Sadly, some driving schools do just that. They advertise driving lessons at a ridiculously low price- so low they couldn't possibly provide the service at that rate. Then they offer the student 'the deal.'
 
My nephew Robbie's friend was offered that deal and grabbed it. He figured he knew how to drive and didn't really need those other lessons. He signed on the dotted line and got his insurance certificate. He passed his road test too. Then he was involved in a collision and was faced with a huge repair bill. He tried to sue the driving school because they hadn't provided the lessons that could have helped him avoid the crash. Of course, he didn't have a leg to stand on because he'd signed a form saying he'd taken all the lessons.

Good driving schools are worth their weight in gold but there are a lot of scams out there too.
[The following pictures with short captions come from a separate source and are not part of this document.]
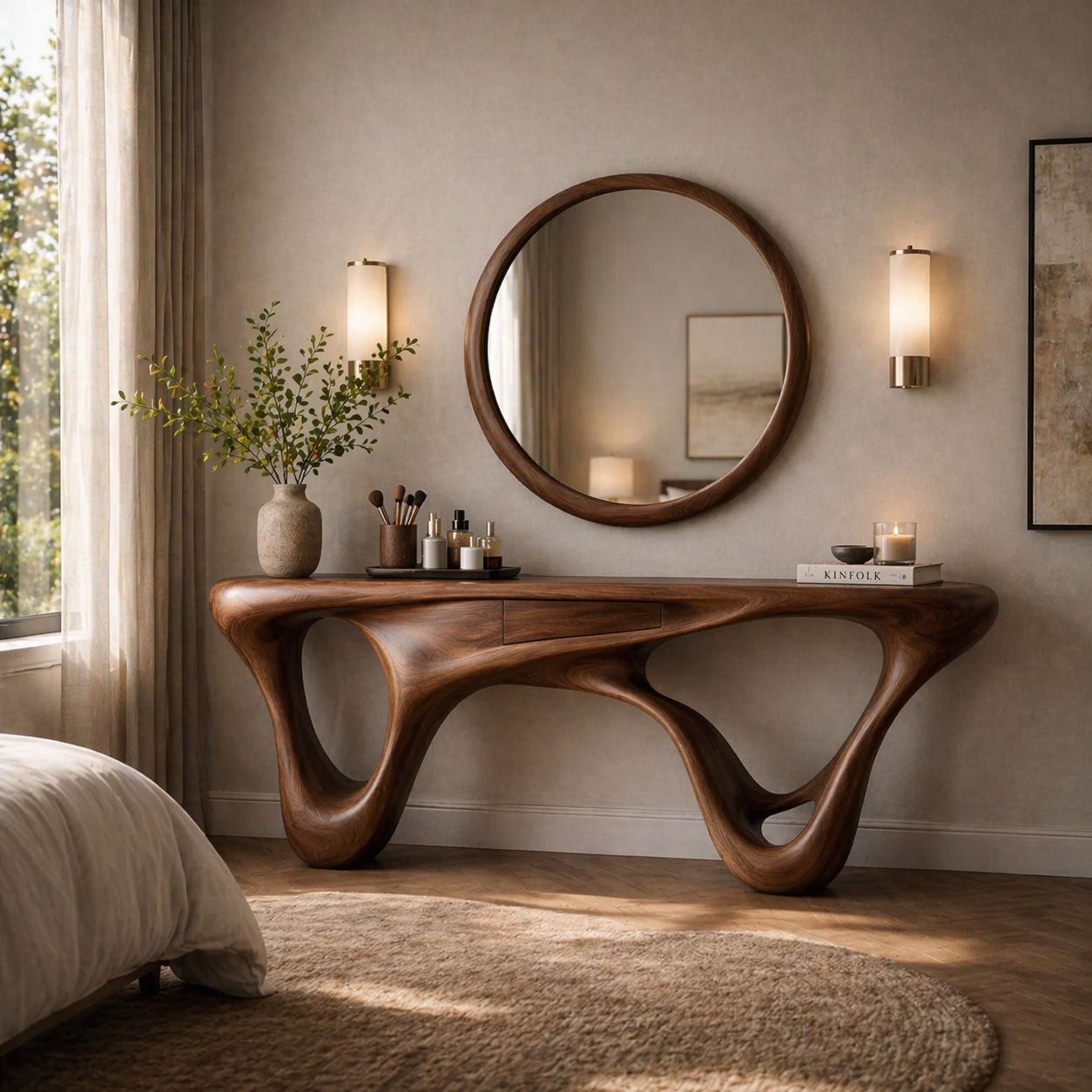 Sculptural Console Table – Wooden Entryway Table with Round Mirror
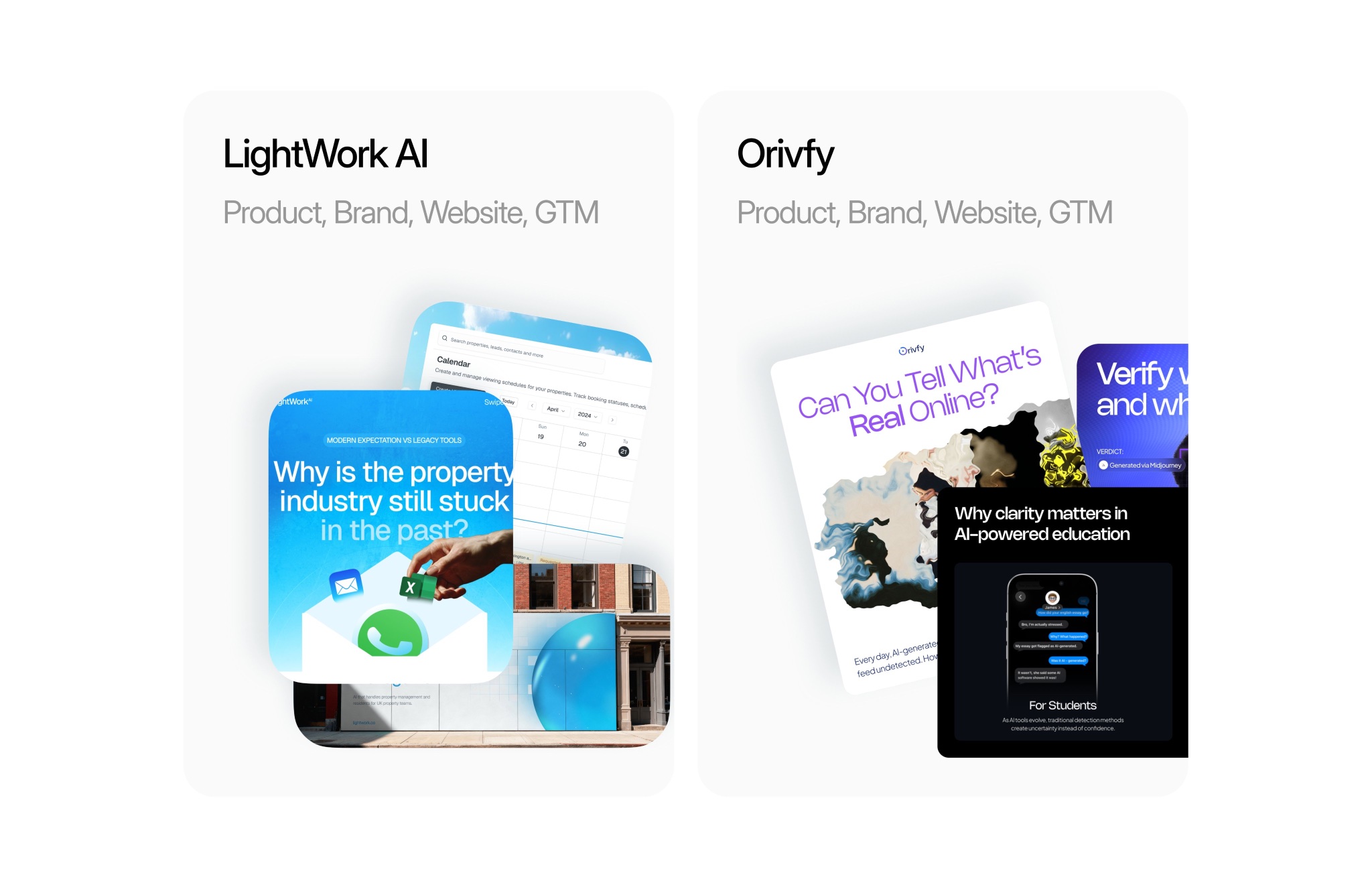 Editorial web and brand explorations for LightWork AI and Orivfy
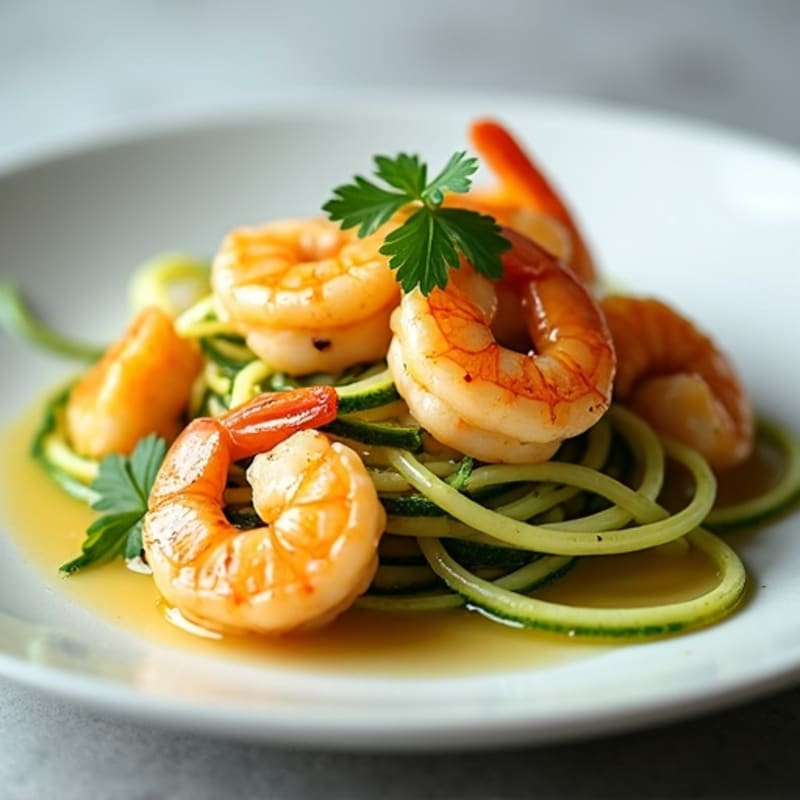 Lemon-Garlic Butter Shrimp with Zucchini Noodles
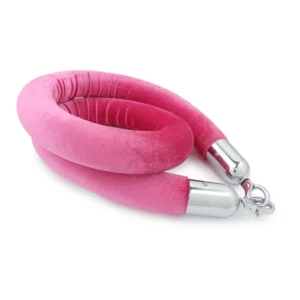 Afzetkoord 150 cm roze velours (chroom)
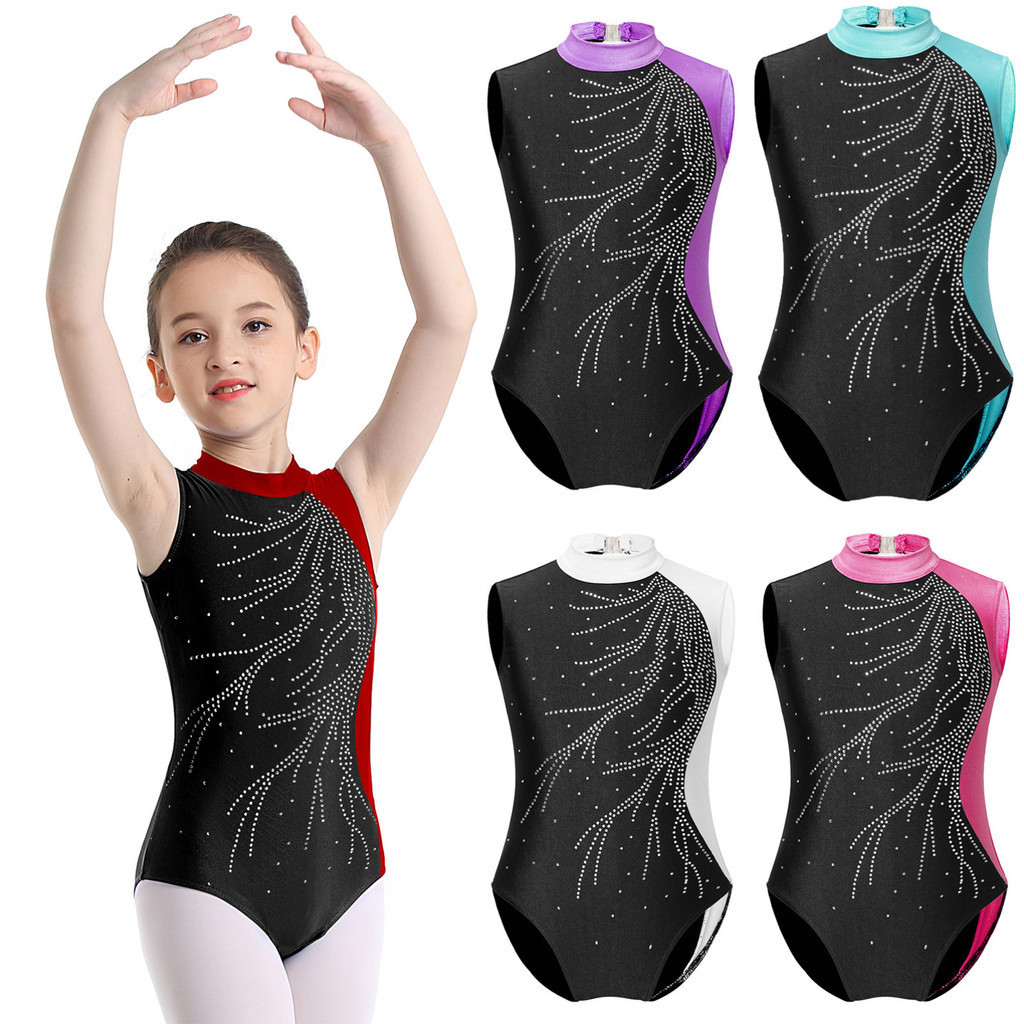 สาว Leotard เด็กแขนกุด Keyhole กลับ Leotard สําหรับเต้นรําบัลเล่ต์ยิมนาสติก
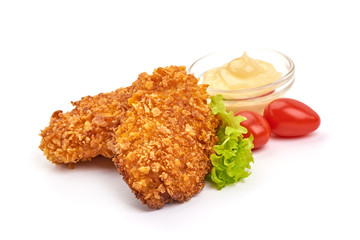 Fried Chicken strips in breadcrumbs, isolated on white background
I'm a certified driving instructor myself and went to school with people I wouldn't let my daughter get in a car with. So how do you find the right school and instructors?
Start by asking around. What schools did other families choose and why? Listen to their answers. A cheap price should not be the primary reason. Did the classroom instructors interact with students and encourage them to ask questions? Did they pose a lot of 'what if' scenarios and encourage students to think about why collisions happen and how to avoid them? In the car, did they focus on coaching the student or run errands and make phone calls? Was their attitude positive and encouraging or angry and punitive?
Google possible driving schools and find out what people are saying online about them. One or two bad reviews could be sour grapes but repeat comments by identifiable parties are bad news Stay away from them.
Is the school a member of the Driving School Association of America (DSAA) or a similar association? That's a good sign because members must abide by a code of ethics and are committed to staying up to date in the industry.
You owe it to your teen and yourself to find the best driving school you can and make sure you get good value for your hard-earned money. Remember - if the price sounds too good to be true, it probably is.